Kunde: Passiert mir oft.

Verkäufer: Kinder?

Ok. Etwas sacken lassen und weiter mit dem universellen ‚fürzuam‘. ‚Fürzuam‘ ist elegant und effizient. Man hört es etwa an der Brottheke:

Kundin zeigt auf die Vollkornbrotlaibe: Frollein, tun se mir zwei. Ein fürzuam einfrieren.

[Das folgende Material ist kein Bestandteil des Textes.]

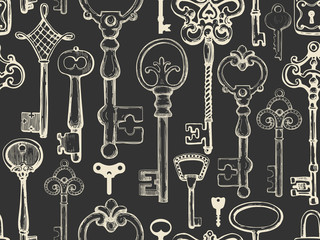 Seamless pattern. Vector set of hand-drawn antique keys. Illustration in sketch style on black background. Old design.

Das heißt, die Kundin setzt die Verkäuferin darüber in Kenntnis, dass sie nicht so verfressen sei, dass sie – die Kundin – zwei Laibe vor dem Verfallsdatum gierig reinschlingt. Vielmehr deutet sie kluges Bevorraten an. Natürlich hätte sie sagen können: Bitte geben Sie mir zwei Vollkornbrote. Eines davon gedenke ich einzufrieren. Wir sehen ‚fürzuam‘ ist hier knapp und gut.

Hin und wieder hört man auch: Komm. Fürzuam Kaffeetrinken. Heißt: Ich lade Dich ein, mit mir eine Tasse Kaffee zu trinken.

Andernorts sagt man wohl: Komm mit aufen Kaffee. Auf einen Kaffee! Gute Güte. Was sollen die Eingeladenen auf der Tasse denn tun? Sich wie ein Klacks Sahne verhalten. Wie viel präziser wird da alles mit ‚fürzuam‘. Zumal man sich auch nicht um Groß- oder Kleinschreibung kümmern muss.